After blasting off yesterday with The Hunger Games, we’re  now in low orbit (metaphorical low orbit of course. I’m not in space, I’m at my desk in England, sadly) and it’s time for part two. Kicking off the first weekend of the feature, it’s the one with the billionaire, the angry green guy, Goldilocks (Sorry Thor) and the captain… of America. Part two, Marvel Avengers Assemble (that’s The Avengers for those of you outside the UK)!

THE GOOD STUFF

It’s Iron Man, the Hulk, Thor, Captain America, Black Widow, Hawkeye, Loki and Nick Fury all in the same movie. Sharing the same screen. All the actors involved are great, and it’s all the superheroes you’ve wanted to see together (with a few exceptions. *cough* Spider-Man *cough*).

Joss Whedon’s directing! He who directed Buffy! Okay, I haven’t watched Buffy, but it sounds awesome, and one day I’ll buy the box sets. And anyone who directs something like that deserves respect. And plus, Whedon fans who haven’t seen the previous MCU movies will turn up for Whedon. This equals more money.

Less is more, unless you’re talking about superheroes, in which case, more is more. Surely a movie with four massive superheroes in it will make way more than their solo outings.

The trailers show witty dialogue mixed in with some really, really exciting action. As someone once said, winning.

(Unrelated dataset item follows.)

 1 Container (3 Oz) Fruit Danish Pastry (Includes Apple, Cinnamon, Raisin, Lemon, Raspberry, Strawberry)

The marketing campaign is pretty… how do I put this?… full-on. 80% of the world will know about Avengers once it’s released.

THE BAD STUFF

Well, when you reduce the MCU so far to numbers, it’s not as shiny as it seems. The highest grossing is Iron Man 2 with $623 million, followed by Iron Man ($585 million), Thor ($449 million), Captain America: The First Avenger ($368 million) and The Incredible Hulk ($263 million). That’s not that much, when you think about movies like Transformers – let’s not go there. But anyway, will millions of new people turn up for a movie that stars superheroes they’ve never seen before?

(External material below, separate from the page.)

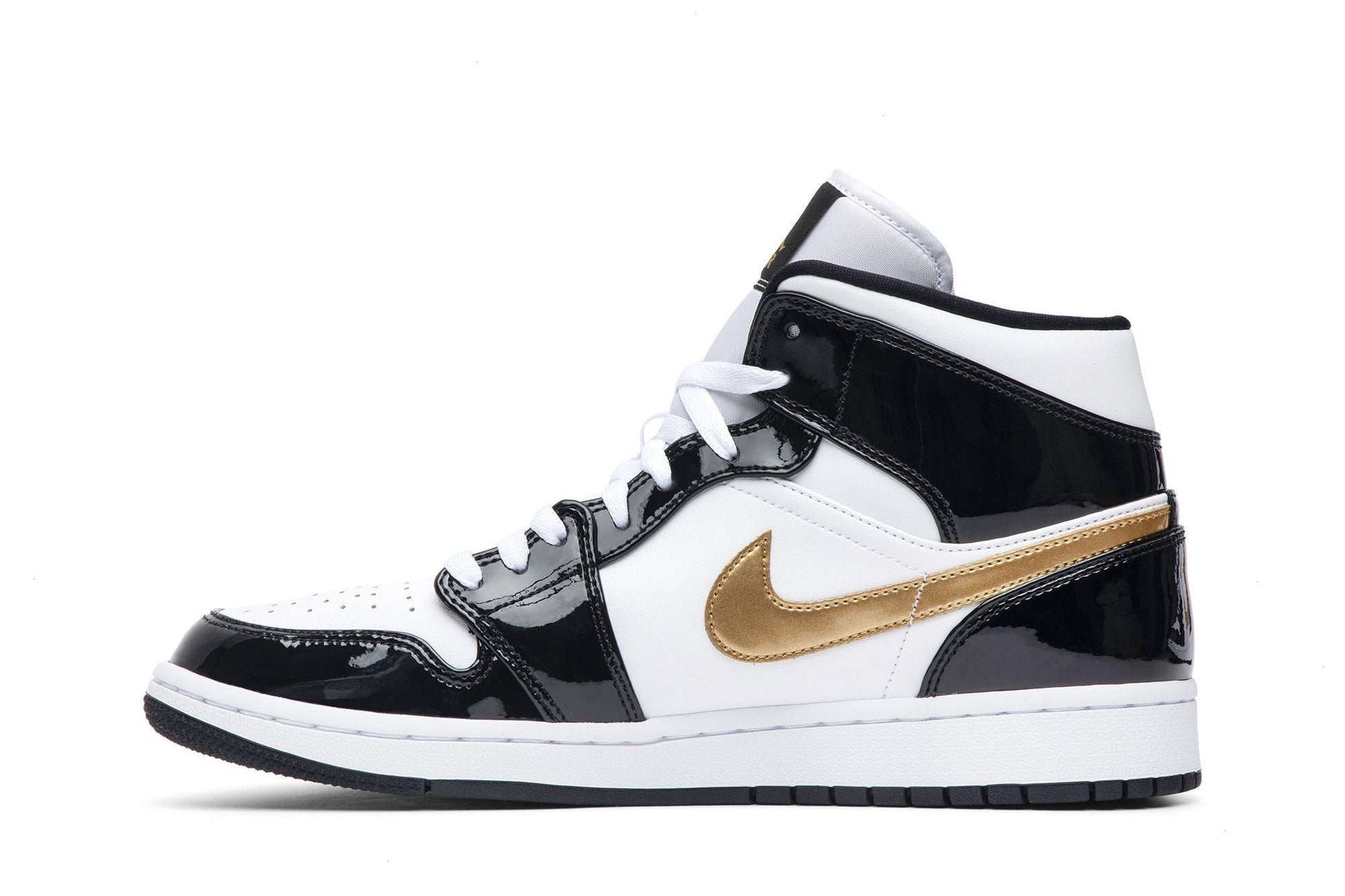 Air Jordan 1 Mid Patent SE 'Black Gold'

Marvel might want to turn it into Iron Man & Friends Save the World, which is a rather scary prospect, as well as one that fits a demographic… of 4 years and up. There’s a chance that Hulk, Thor, Captain America and the others might be shunned in favour of some ‘LOOK GUYS, IT’S IRON MAN AND SOME OTHER RANDOM PEOPLE IN FUNNY OUTFITS FIGHTING A VILLAIN THAT DOES NOT COME FROM IRON MAN.‘ action. Don’t do it, Marvel!

The Hulk learns teamwork? As cool as Hulk saving Iron Man in the trailer was, it shows that the Hulk now knows teamwork. Isn’t that a bit too advanced for the green monster? Uh… maybe not. I’ll let this one slide.

Will it be good? Hell yeah. The good not only outweighs the bad, it crushes  it and turns it into dust, which it then throws into the ocean.

How much money will it make? I’m guessing about The Dark Knight levels, so about $1 billion. Whedon + Avengers + more marketing = lots and lots of money.